Sekretaris Departemen Sosiologi Unhas ini mengatakan meski para petani di desa sudah bekerja maksimal tetapi karena lahannya terbatas maka produktivitasnya tetap rendah. Dia menyebut masalah utama yang terjadi ialah lahan yang sempit.

"Kalau masalahnya di lahan yang sempit kemudian dijawab solusinya adalah mekanisasi pertanian itu menjadi persoalan, karena kalau sempit lahan kenapa mekanisasi yang menjadi target utama untuk solusi," ujarnya.

Menurutnya, smart farming dengan mekanisasi lahan hanya untuk mengolah lahan secara efektif dan efisien karena menghemat waktu. Sementara rasio antara petani dan lahan makin timpang. Bahkan lahan cenderung makin sempit.

Begitu pula dengan gagasan Cawapres soal konflik masyarakat adat yang masih terus terjadi belum dijabarkan secara mendalam. Ramli menilai hanya Mahfud Md yang menjawab dengan baik.

"Yang menjawab secara lebih baik menurut saya adalah Pak Mahfud seingat saya dia bilang sudah ada penghargaan terhadap masyarakat adat. Itu harus dibedakan antara hutan negara dan hutan adat," kata Ramli.

Selengkapnya di halaman selanjutnya.

Dia juga menilai Mahfud menguasai persoalan dengan posisinya sebagai Menko Polhukam saat ini. Makanya pendamping Ganjar Pranowo itu tahu betul jika persoalan saat ini adalah penegakan hukum yang tidak maksimal.

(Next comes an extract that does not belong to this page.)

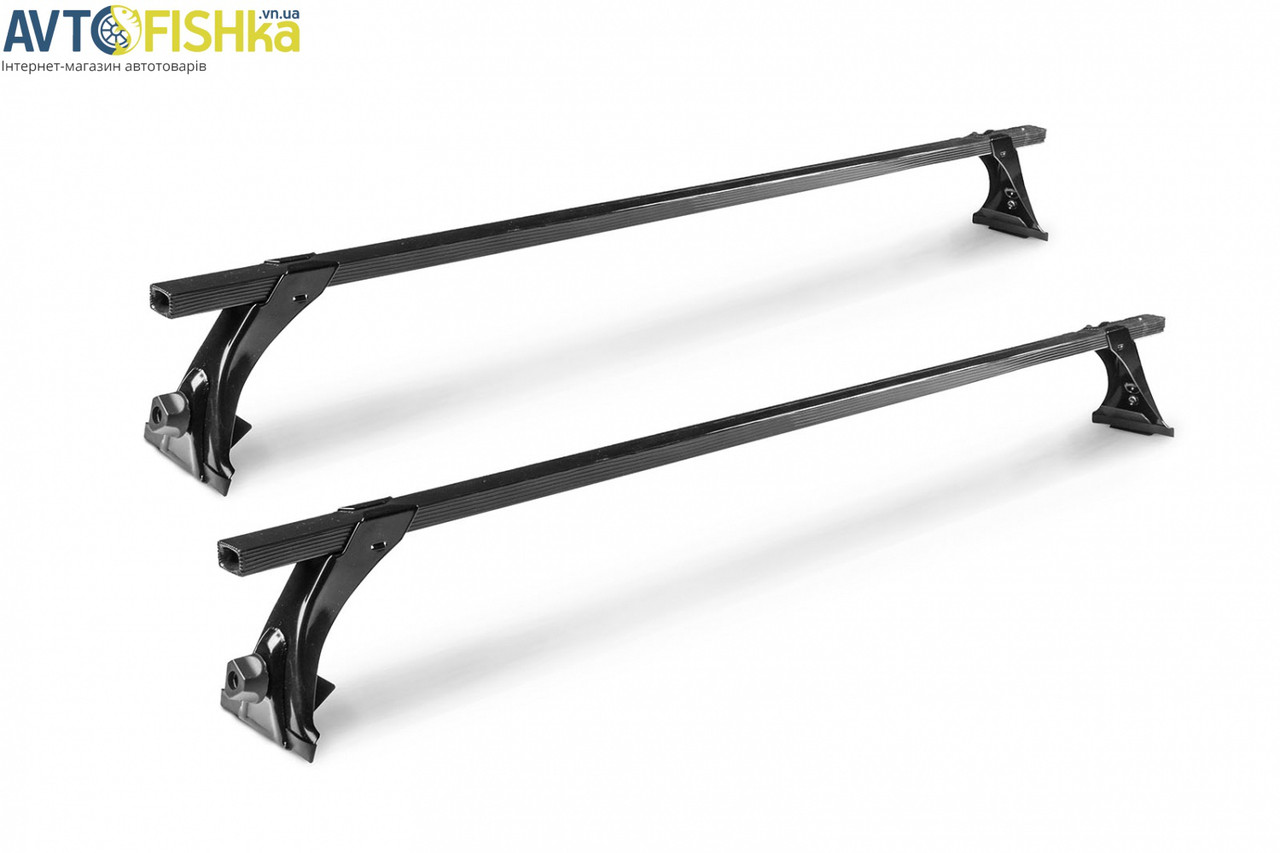 Багажник з на водостоки 2101-05 (сталь, прямокутний профіль), 127 см, фото 1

"Itulah mengapa dia mengatakan salah satu hal penting yang harus dilakukan adalah hukum itu jangan tumpul. Jadi jangan ada di hukum itu bagus tetapi tidak dilaksanakan dalam implementasinya," ungkapnya.

Di sisi lain, Ramli menilai Cak Imin juga cukup mantap dengan menggagas soal pembangunan berkeadilan. Hukum yang adil disebut mesti betul-betul hadir dalam pembangunan.

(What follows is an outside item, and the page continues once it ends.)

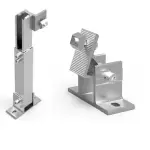 Pata Trasera de 30 a 60 Grados para Riel de Aluminio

"Kalau memang sudah diatur supaya itu betul-betul dijalankan. Itu yang banyak sekarang yang tidak dijalankan, jadi sudah bagus hukumnya, sudah bagus policy-nya tapi pelaksanaannya yang banyak tidak konsisten," ungkapnya.

Ramli menambahkan rata-rata penyebab konflik di berbagai belahan dunia disebabkan ketimpangan pembangunan. Ketidakadilan melahirkan konflik yang menyebabkan pembangunan tidak berkelanjutan.

"Sejarah tentang konflik besar di dunia dimulai dari ketidakadilan karena menimbulkan resistensi dari masyarakat itu sendiri," ujarnya.